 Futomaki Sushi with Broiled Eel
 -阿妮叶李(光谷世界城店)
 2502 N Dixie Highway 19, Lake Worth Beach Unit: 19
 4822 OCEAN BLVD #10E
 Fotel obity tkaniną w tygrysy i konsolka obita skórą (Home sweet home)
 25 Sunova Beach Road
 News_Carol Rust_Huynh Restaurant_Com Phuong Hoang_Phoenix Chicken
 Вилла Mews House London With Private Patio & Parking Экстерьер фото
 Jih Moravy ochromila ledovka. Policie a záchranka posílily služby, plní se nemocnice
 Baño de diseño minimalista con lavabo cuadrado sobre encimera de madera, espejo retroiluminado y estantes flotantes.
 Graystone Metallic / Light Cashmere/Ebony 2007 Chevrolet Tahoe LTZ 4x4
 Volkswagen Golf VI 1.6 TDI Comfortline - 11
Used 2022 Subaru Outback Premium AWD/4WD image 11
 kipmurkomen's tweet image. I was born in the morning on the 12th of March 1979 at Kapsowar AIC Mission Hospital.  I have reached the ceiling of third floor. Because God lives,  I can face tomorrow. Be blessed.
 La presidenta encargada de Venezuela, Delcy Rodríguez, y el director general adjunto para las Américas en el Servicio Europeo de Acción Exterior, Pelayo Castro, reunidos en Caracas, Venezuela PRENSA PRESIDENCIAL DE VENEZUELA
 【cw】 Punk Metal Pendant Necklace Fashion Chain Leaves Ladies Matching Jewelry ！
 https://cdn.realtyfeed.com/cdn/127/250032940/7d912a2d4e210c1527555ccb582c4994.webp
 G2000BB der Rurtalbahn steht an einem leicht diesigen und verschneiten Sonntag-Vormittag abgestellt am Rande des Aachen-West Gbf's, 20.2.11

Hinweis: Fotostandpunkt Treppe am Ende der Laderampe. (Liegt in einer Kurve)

WHAT YOU WILL DO
Quote the records from their first line to the line with "Вилла Mews House", inclusive, without adding or dropping anything.

YOUR RESPONSE
 Futomaki Sushi with Broiled Eel
 -阿妮叶李(光谷世界城店)
 2502 N Dixie Highway 19, Lake Worth Beach Unit: 19
 4822 OCEAN BLVD #10E
 Fotel obity tkaniną w tygrysy i konsolka obita skórą (Home sweet home)
 25 Sunova Beach Road
 News_Carol Rust_Huynh Restaurant_Com Phuong Hoang_Phoenix Chicken
 Вилла Mews House London With Private Patio & Parking Экстерьер фото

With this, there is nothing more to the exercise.